Le samedi 17 décembre 2016 au CREAD

 

 

Le Secrétaire Général des Nations Unies, dans son message, à l’occasion de cette Journée, note qu’il est maintenant essentiel que « les gouvernements honorent leurs engagements et s’attachent à gérer les déplacements massifs de réfugiés et de migrants avec bienveillance, en mettant l’accent sur l’être humain, l’égalité des sexes et les droits de l’homme.

Les migrants sont des êtres humains dotés de droits. La protection et le respect de ces droits et des libertés fondamentales de tous les migrants, quel que soit leur statut, sont au cœur même de la Déclaration de New York » (Nations Unies, 2016).

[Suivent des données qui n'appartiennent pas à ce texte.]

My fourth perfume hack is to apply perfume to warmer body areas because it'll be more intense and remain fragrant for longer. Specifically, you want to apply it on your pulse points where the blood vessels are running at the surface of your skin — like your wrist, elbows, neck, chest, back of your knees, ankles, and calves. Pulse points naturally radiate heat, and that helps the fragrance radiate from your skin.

A l’occasion de la Journée Internationale des Migrants, une pause est importante dans une conjoncture internationale marquée des évènements qui nous interpellent pour engager un travail de longue haleine et d’observation permanente des politiques, des stratégies et des pratiques mises en œuvre dans le respect des droits humains des migrants algériens à l’étranger mais aussi des étrangers en Algérie. Cette vision globale marque l’originalité de notre approche.

L’année dernière, nous avions marqué cette journée par une réunion à huis clos, entre les Institutions et Société Civile et ONG, autour des axes devant permettre de formuler une politique nationale des migrations.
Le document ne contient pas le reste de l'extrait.